» **Entries supplied**
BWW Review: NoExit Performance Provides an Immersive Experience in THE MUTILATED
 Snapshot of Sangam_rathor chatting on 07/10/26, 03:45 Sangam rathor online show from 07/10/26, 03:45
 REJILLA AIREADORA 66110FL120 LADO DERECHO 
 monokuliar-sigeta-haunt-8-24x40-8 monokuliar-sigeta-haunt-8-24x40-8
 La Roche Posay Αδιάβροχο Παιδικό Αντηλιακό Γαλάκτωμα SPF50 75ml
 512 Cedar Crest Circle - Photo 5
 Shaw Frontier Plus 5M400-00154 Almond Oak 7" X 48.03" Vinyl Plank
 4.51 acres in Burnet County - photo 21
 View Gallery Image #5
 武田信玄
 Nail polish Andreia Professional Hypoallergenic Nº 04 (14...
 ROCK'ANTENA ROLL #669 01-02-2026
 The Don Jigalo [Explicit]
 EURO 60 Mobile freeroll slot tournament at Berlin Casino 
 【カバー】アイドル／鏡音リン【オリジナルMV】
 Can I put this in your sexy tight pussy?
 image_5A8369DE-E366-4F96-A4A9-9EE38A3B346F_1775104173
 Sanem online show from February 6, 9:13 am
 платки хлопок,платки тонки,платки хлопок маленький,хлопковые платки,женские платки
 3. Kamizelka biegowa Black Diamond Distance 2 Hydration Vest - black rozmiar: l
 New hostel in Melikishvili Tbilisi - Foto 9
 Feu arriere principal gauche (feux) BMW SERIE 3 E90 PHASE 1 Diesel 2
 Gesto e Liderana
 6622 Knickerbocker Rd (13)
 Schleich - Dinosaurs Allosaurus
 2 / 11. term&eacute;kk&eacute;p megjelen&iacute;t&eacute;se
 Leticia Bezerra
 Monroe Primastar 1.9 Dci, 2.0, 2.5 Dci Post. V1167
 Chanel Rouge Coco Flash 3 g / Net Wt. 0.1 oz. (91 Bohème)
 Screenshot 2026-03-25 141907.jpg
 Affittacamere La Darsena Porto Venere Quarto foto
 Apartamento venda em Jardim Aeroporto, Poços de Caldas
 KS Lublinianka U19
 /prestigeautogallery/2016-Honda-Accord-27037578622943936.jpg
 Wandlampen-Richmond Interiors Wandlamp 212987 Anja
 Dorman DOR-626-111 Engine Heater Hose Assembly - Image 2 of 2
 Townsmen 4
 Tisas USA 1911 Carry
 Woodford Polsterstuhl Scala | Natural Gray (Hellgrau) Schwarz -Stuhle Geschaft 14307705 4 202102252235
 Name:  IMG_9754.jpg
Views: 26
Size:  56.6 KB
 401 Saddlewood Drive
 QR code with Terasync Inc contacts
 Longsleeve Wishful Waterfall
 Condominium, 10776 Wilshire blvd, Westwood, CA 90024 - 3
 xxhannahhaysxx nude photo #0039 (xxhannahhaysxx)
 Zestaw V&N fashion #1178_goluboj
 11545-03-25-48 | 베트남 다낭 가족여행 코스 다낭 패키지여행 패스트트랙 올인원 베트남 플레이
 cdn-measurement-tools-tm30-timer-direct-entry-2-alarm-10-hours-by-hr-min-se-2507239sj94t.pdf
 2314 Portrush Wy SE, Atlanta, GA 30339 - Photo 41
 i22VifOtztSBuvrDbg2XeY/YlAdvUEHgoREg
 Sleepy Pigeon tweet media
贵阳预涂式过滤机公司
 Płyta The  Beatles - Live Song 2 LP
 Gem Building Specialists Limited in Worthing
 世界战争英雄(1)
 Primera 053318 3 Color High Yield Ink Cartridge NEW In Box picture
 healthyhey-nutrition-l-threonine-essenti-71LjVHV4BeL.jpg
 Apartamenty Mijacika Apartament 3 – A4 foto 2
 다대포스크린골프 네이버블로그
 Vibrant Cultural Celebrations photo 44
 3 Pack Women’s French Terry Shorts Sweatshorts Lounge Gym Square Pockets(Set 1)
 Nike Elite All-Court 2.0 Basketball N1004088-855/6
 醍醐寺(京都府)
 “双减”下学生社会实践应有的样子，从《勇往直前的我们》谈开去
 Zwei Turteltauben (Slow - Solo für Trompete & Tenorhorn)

» **Task prompt**
Every line from above should appear again in the answer, exactly as written.

» **Expected answer**
BWW Review: NoExit Performance Provides an Immersive Experience in THE MUTILATED
 Snapshot of Sangam_rathor chatting on 07/10/26, 03:45 Sangam rathor online show from 07/10/26, 03:45
 REJILLA AIREADORA 66110FL120 LADO DERECHO 
 monokuliar-sigeta-haunt-8-24x40-8 monokuliar-sigeta-haunt-8-24x40-8
 La Roche Posay Αδιάβροχο Παιδικό Αντηλιακό Γαλάκτωμα SPF50 75ml
 512 Cedar Crest Circle - Photo 5
 Shaw Frontier Plus 5M400-00154 Almond Oak 7" X 48.03" Vinyl Plank
 4.51 acres in Burnet County - photo 21
 View Gallery Image #5
 武田信玄
 Nail polish Andreia Professional Hypoallergenic Nº 04 (14...
 ROCK'ANTENA ROLL #669 01-02-2026
 The Don Jigalo [Explicit]
 EURO 60 Mobile freeroll slot tournament at Berlin Casino 
 【カバー】アイドル／鏡音リン【オリジナルMV】
 Can I put this in your sexy tight pussy?
 image_5A8369DE-E366-4F96-A4A9-9EE38A3B346F_1775104173
 Sanem online show from February 6, 9:13 am
 платки хлопок,платки тонки,платки хлопок маленький,хлопковые платки,женские платки
 3. Kamizelka biegowa Black Diamond Distance 2 Hydration Vest - black rozmiar: l
 New hostel in Melikishvili Tbilisi - Foto 9
 Feu arriere principal gauche (feux) BMW SERIE 3 E90 PHASE 1 Diesel 2
 Gesto e Liderana
 6622 Knickerbocker Rd (13)
 Schleich - Dinosaurs Allosaurus
 2 / 11. term&eacute;kk&eacute;p megjelen&iacute;t&eacute;se
 Leticia Bezerra
 Monroe Primastar 1.9 Dci, 2.0, 2.5 Dci Post. V1167
 Chanel Rouge Coco Flash 3 g / Net Wt. 0.1 oz. (91 Bohème)
 Screenshot 2026-03-25 141907.jpg
 Affittacamere La Darsena Porto Venere Quarto foto
 Apartamento venda em Jardim Aeroporto, Poços de Caldas
 KS Lublinianka U19
 /prestigeautogallery/2016-Honda-Accord-27037578622943936.jpg
 Wandlampen-Richmond Interiors Wandlamp 212987 Anja
 Dorman DOR-626-111 Engine Heater Hose Assembly - Image 2 of 2
 Townsmen 4
 Tisas USA 1911 Carry
 Woodford Polsterstuhl Scala | Natural Gray (Hellgrau) Schwarz -Stuhle Geschaft 14307705 4 202102252235
 Name:  IMG_9754.jpg
Views: 26
Size:  56.6 KB
 401 Saddlewood Drive
 QR code with Terasync Inc contacts
 Longsleeve Wishful Waterfall
 Condominium, 10776 Wilshire blvd, Westwood, CA 90024 - 3
 xxhannahhaysxx nude photo #0039 (xxhannahhaysxx)
 Zestaw V&N fashion #1178_goluboj
 11545-03-25-48 | 베트남 다낭 가족여행 코스 다낭 패키지여행 패스트트랙 올인원 베트남 플레이
 cdn-measurement-tools-tm30-timer-direct-entry-2-alarm-10-hours-by-hr-min-se-2507239sj94t.pdf
 2314 Portrush Wy SE, Atlanta, GA 30339 - Photo 41
 i22VifOtztSBuvrDbg2XeY/YlAdvUEHgoREg
 Sleepy Pigeon tweet media
贵阳预涂式过滤机公司
 Płyta The  Beatles - Live Song 2 LP
 Gem Building Specialists Limited in Worthing
 世界战争英雄(1)
 Primera 053318 3 Color High Yield Ink Cartridge NEW In Box picture
 healthyhey-nutrition-l-threonine-essenti-71LjVHV4BeL.jpg
 Apartamenty Mijacika Apartament 3 – A4 foto 2
 다대포스크린골프 네이버블로그
 Vibrant Cultural Celebrations photo 44
 3 Pack Women’s French Terry Shorts Sweatshorts Lounge Gym Square Pockets(Set 1)
 Nike Elite All-Court 2.0 Basketball N1004088-855/6
 醍醐寺(京都府)
 “双减”下学生社会实践应有的样子，从《勇往直前的我们》谈开去
 Zwei Turteltauben (Slow - Solo für Trompete & Tenorhorn)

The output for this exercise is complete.